PROBLEM:
Strip out the pictures and output each remaining line of the data word for word.

STORED DATA:
▬▬▬▬▬▬▬▬▬▬
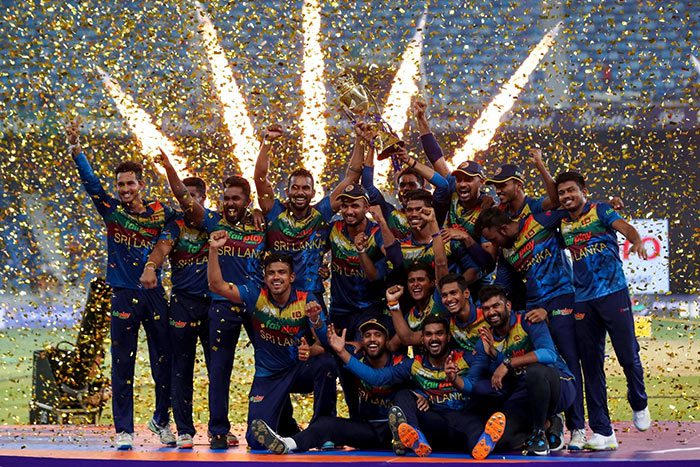 2025 ආසියානු කුසලානය ගැන ආ අලුත්ම පුවත
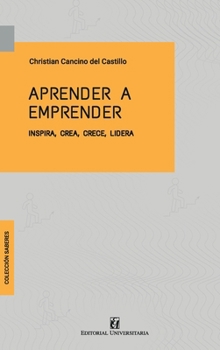 Paperback Aprender a emprender [Spanish] Book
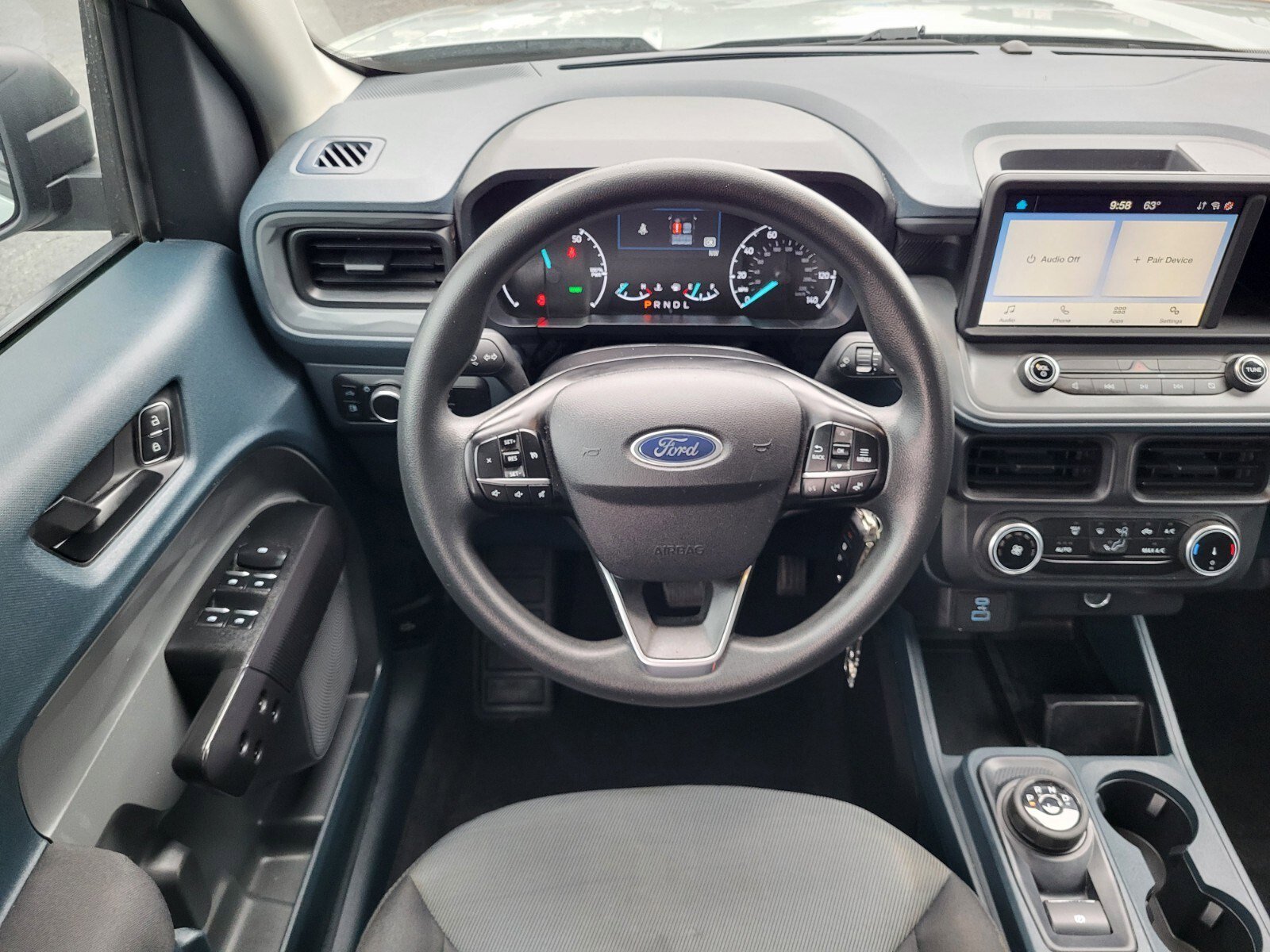 Certified 2024 Ford Maverick XL FWD image 13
▬▬▬▬▬▬▬▬▬▬
COMPLETED TASK:
 2025 ආසියානු කුසලානය ගැන ආ අලුත්ම පුවත
 Paperback Aprender a emprender [Spanish] Book
 Certified 2024 Ford Maverick XL FWD image 13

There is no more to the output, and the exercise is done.